> **Your objective**:
No pictures belong in the copy. Retype exactly, and only, the stretch of lines below from the one with "Load image into" through the one with "Gabardine Wide balloon Pants".

*** Opening Given entries ***

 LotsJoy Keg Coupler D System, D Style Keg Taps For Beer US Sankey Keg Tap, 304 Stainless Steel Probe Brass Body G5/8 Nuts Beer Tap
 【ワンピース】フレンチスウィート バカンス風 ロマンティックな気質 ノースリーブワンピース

*** Closing Given entries ***
*** Opening Given entries ***

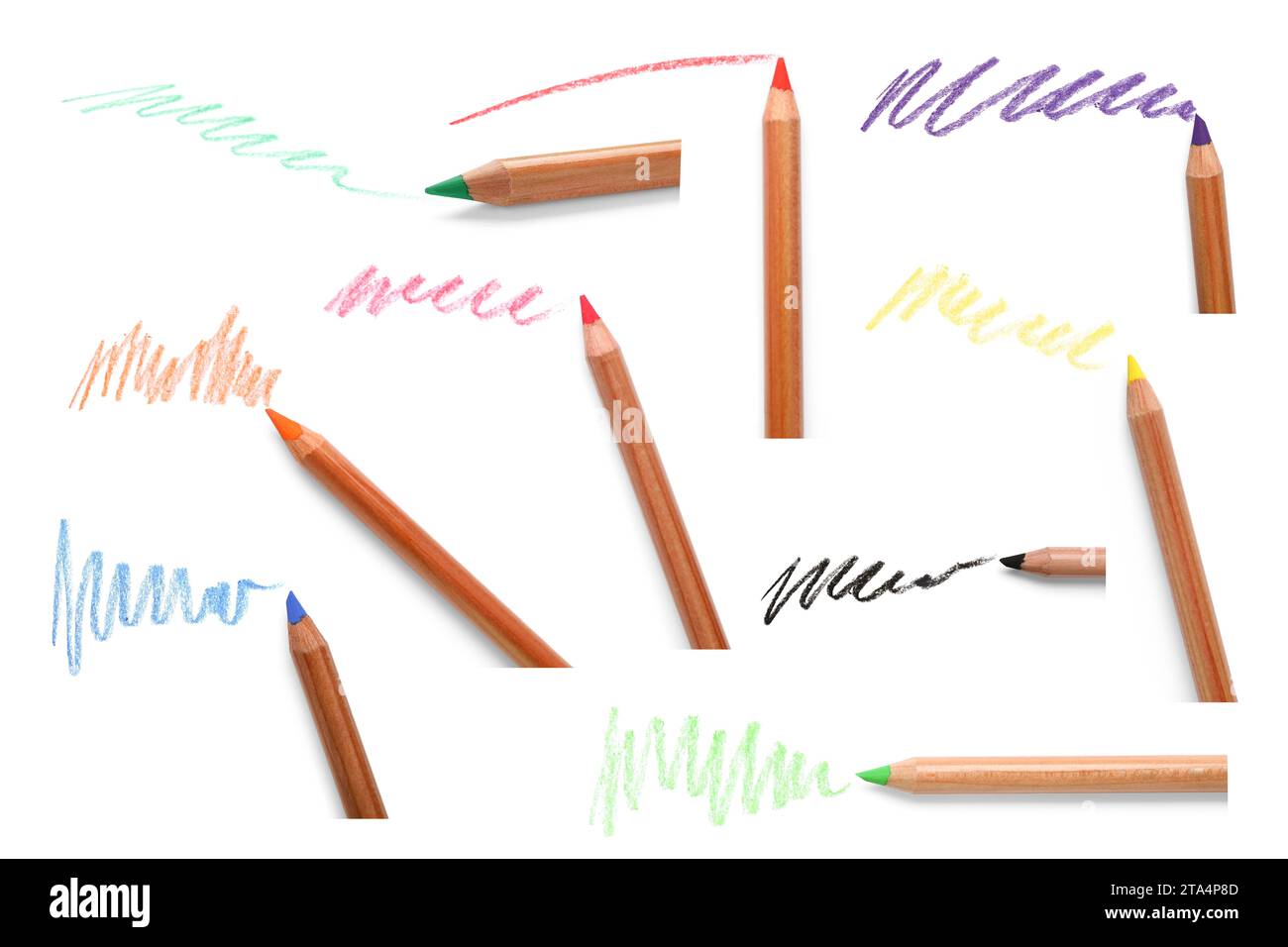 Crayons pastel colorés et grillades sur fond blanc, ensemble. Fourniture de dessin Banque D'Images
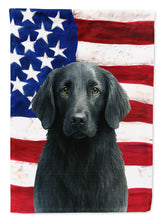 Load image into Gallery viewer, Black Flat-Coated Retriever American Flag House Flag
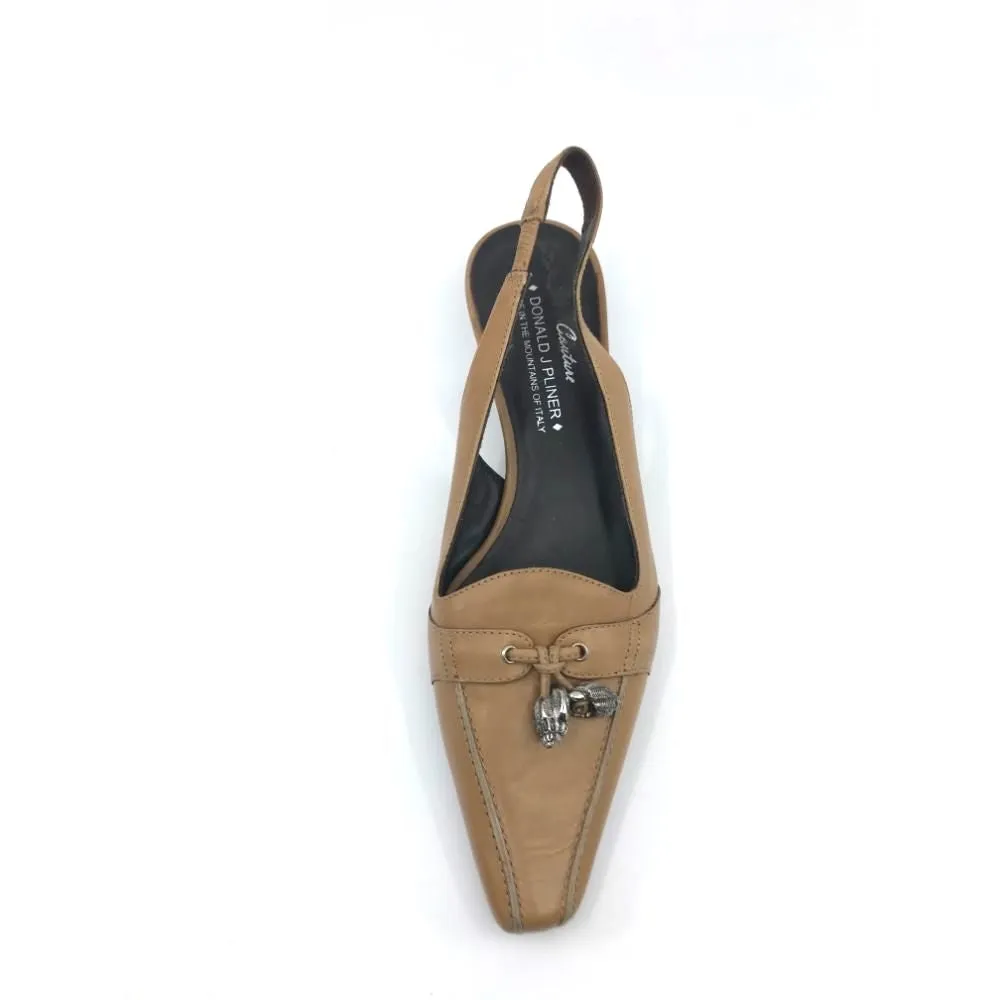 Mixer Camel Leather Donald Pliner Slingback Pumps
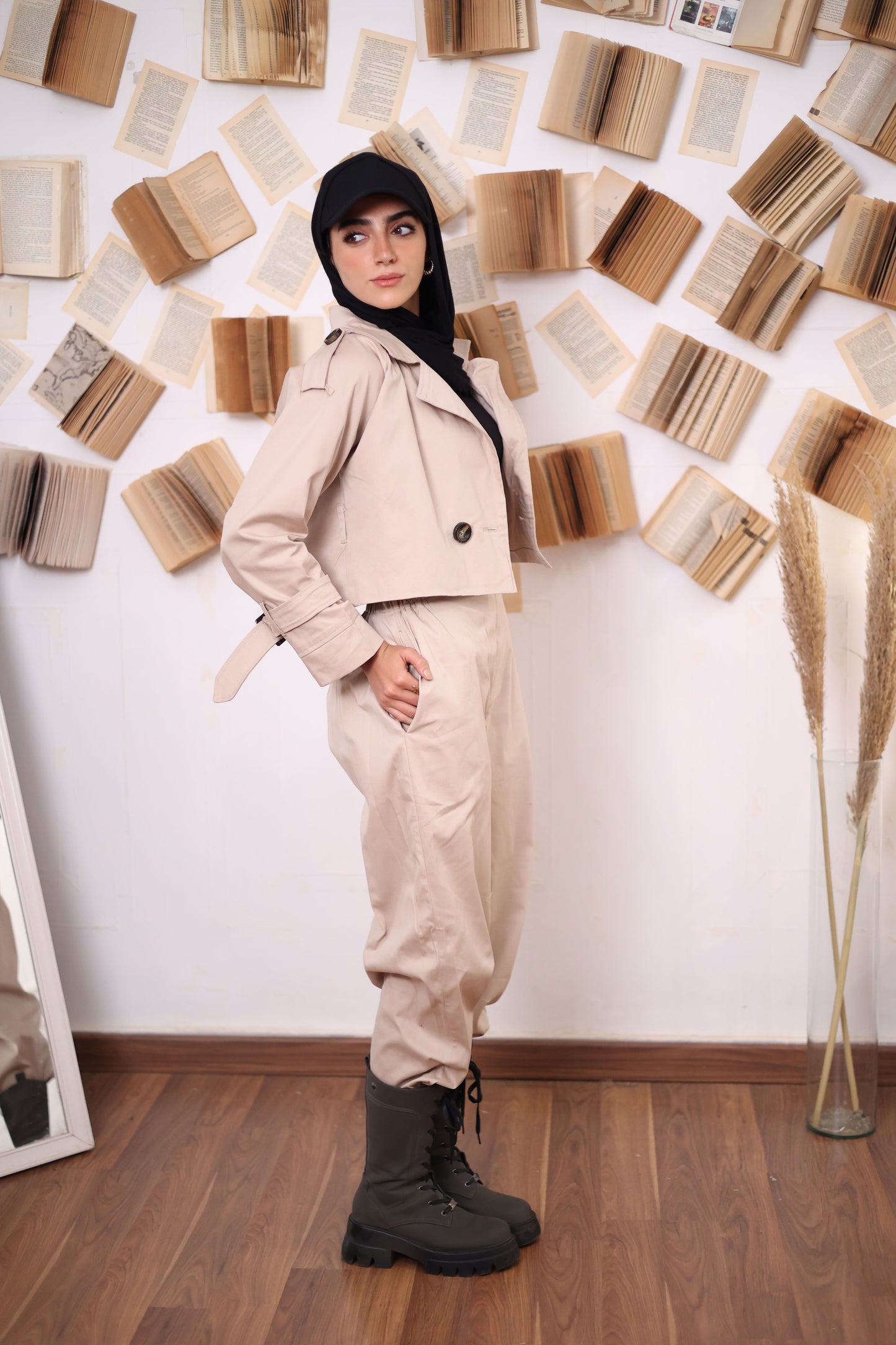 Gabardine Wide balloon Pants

*** Closing Given entries ***

> **Written solution**:
 Load image into Gallery viewer, Black Flat-Coated Retriever American Flag House Flag
 Mixer Camel Leather Donald Pliner Slingback Pumps
 Gabardine Wide balloon Pants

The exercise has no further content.